Algorithm parameters

Qunatification

--transcript_quantification Transcript quantification strategy, should be one of:

unique_only - only reads that are uniquely assigned and consistent with a transcript are used for quantification (default);
with_ambiguous - ambiguously assigned reads are split between transcripts with equal weights (e.g. 1/2 when a read is assigned to 2 transcripts simultaneously);
with_inconsistent - uniquely assigned reads with non-intronic inconsistencies (i.e. alternative poly-A site, TSS etc) are also included;
all - all of above.

--gene_quantification Gene quantification strategy, should be one of:

unique_only - only reads that are uniquely assigned to a gene and consistent with any of gene's isoforms are used for quantification;
with_ambiguous - ambiguously assigned reads are split between genes with equal weights (e.g. 1/2 when a read is assigned to 2 genes simultaneously);
with_inconsistent - only reads that are uniquely assigned to a gene but not necessary consistent with gene's isoforms (default);
all - all of above.

Read to isoform matching:

--matching_strategy A preset of parameters for read-to-isoform matching algorithm, should be one of:

exact - delta = 0, all minor errors are treated as inconsistencies;
precise - delta = 4, only minor alignment errors are allowed, default for PacBio data;
default - delta = 6, alignment errors typical for Nanopore reads are allowed, short novel introns are treated as deletions;
loose - delta = 12, even more serious inconsistencies are ignored, ambiguity is resolved based on nucleotide similarity.

Matching strategy is chosen automatically based on specified data type. However, the parameters will be overridden if the matching strategy is set manually.

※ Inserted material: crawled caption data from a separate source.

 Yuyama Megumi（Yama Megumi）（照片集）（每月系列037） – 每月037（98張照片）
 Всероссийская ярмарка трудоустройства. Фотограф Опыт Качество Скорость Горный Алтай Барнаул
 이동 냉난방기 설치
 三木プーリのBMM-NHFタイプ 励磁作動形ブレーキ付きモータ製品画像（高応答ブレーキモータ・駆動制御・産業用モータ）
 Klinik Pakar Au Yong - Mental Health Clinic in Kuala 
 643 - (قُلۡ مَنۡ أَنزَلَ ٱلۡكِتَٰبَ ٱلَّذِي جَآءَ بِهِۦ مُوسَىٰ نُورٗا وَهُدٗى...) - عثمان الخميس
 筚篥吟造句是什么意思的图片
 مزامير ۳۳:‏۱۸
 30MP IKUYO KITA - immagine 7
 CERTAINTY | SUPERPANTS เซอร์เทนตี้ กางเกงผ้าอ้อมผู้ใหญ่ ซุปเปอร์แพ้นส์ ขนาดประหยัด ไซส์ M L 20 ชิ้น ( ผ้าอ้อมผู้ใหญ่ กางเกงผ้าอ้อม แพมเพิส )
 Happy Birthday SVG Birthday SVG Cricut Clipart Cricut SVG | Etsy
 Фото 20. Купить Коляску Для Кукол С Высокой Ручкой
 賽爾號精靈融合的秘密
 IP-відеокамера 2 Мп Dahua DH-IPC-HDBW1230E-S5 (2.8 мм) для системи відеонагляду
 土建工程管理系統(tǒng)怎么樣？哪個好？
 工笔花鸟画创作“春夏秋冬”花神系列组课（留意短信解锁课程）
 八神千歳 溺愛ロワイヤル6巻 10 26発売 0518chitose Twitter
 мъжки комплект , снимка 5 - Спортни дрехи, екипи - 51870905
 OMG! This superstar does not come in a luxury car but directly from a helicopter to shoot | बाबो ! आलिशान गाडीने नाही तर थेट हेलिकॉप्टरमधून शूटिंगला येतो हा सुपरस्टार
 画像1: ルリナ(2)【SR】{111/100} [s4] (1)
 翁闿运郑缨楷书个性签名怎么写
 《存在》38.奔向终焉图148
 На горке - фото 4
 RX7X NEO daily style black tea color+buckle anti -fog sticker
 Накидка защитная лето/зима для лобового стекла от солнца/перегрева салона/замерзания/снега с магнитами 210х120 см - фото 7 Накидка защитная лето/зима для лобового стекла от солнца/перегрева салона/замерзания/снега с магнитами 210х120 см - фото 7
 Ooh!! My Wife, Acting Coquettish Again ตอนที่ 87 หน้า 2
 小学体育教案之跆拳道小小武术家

Read alignment correction:

--splice_correction_strategy A preset of parameters for read alignment correction algorithms, should be one of:

none - no correction is applied;
default_pacbio - optimal settings for PacBio CCS reads;
default_ont - optimal settings for ONT reads;
conservative_ont - conservative settings for ONT reads, only incorrect splice junction and skipped exons are fixed;
assembly - optimal settings for a transcriptome assembly;
all - correct all discovered minor inconsistencies, may result in overcorrection.

This option is chosen automatically based on specified data type, but will be overridden if set manually.

Transcript model construction:

--model_construction_strategy A preset of parameters for transcript model construction algorithm, should be one of

reliable - only the most abundant and reliable transcripts are reported, precise, but not sensitive;
default_pacbio - optimal settings for PacBio CCS reads;
sensitive_pacbio - sensitive settings for PacBio CCS reads, more transcripts are reported possibly at a cost of precision;
fl_pacbio - optimal settings for full-length PacBio CCS reads, will be used if --data_type pacbio_ccs and --fl_data options are set;
default_ont - optimal settings for ONT reads;
sensitive_ont - sensitive settings for ONT reads, more transcripts are reported possibly at a cost of precision;
assembly - optimal settings for a transcriptome assembly: input sequences are considered to be reliable and each transcript to be represented only once, so abundance is not considered;
all - reports almost all novel transcripts, loses precision in favor to recall.

This option is chosen automatically based on specified data type, but will be overridden if set manually.

Hidden options

Options below are shown only with --full_help option. We recommend to not modify these options unless you are clearly aware of their effect.

--no_secondary Ignore secondary alignments.

--aligner Force to use this alignment method, can be starlong or minimap2; minimap2 is currently used as default. Make sure the specified aligner is in the $PATH variable.

--no_junc_bed Do not use annotation for read mapping.

--junc_bed_file Annotation in BED12 format produced by paftools.js gff2bed (can be found in minimap2), will be created automatically if not given.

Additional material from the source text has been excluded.